DATASET EXCERPTS:
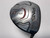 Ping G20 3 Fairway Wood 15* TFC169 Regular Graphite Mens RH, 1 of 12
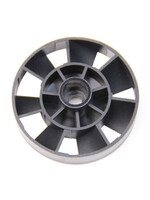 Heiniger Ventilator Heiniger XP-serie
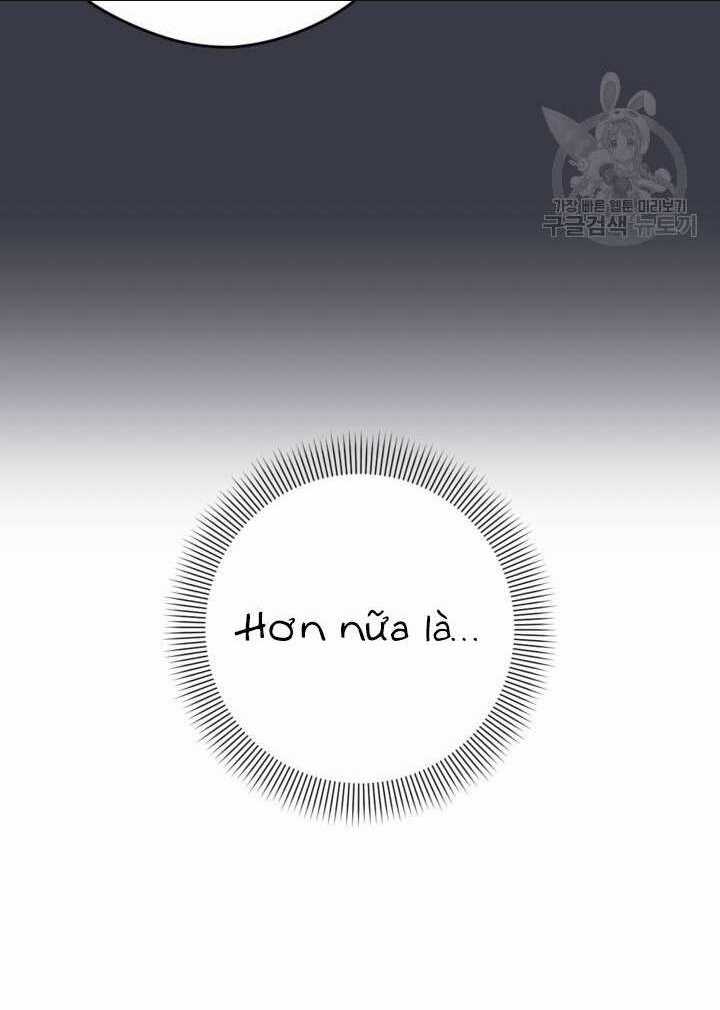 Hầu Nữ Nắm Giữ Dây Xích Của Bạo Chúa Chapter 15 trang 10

---

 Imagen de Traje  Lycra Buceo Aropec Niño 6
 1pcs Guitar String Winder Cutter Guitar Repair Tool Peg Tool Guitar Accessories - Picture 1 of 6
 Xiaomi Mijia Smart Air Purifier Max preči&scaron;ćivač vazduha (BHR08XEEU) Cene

==

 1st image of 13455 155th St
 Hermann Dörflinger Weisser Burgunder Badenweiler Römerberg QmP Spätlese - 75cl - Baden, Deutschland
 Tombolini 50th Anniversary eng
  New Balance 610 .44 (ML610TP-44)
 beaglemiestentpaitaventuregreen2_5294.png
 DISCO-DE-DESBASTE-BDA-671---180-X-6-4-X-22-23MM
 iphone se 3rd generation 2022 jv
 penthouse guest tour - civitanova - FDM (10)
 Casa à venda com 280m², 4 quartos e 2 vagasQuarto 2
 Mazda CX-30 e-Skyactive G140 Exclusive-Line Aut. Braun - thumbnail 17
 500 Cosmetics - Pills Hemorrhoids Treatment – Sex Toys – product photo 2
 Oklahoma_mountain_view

TASK GOAL:
Look back over the records above. Reproduce exactly everything from the line with "Ping G20 3 Fairway" down to the line with "Hầu Nữ Nắm Giữ", inclusive, and leave the pictures out.

WRITTEN RESPONSE:
 Ping G20 3 Fairway Wood 15* TFC169 Regular Graphite Mens RH, 1 of 12
 Heiniger Ventilator Heiniger XP-serie
 Hầu Nữ Nắm Giữ Dây Xích Của Bạo Chúa Chapter 15 trang 10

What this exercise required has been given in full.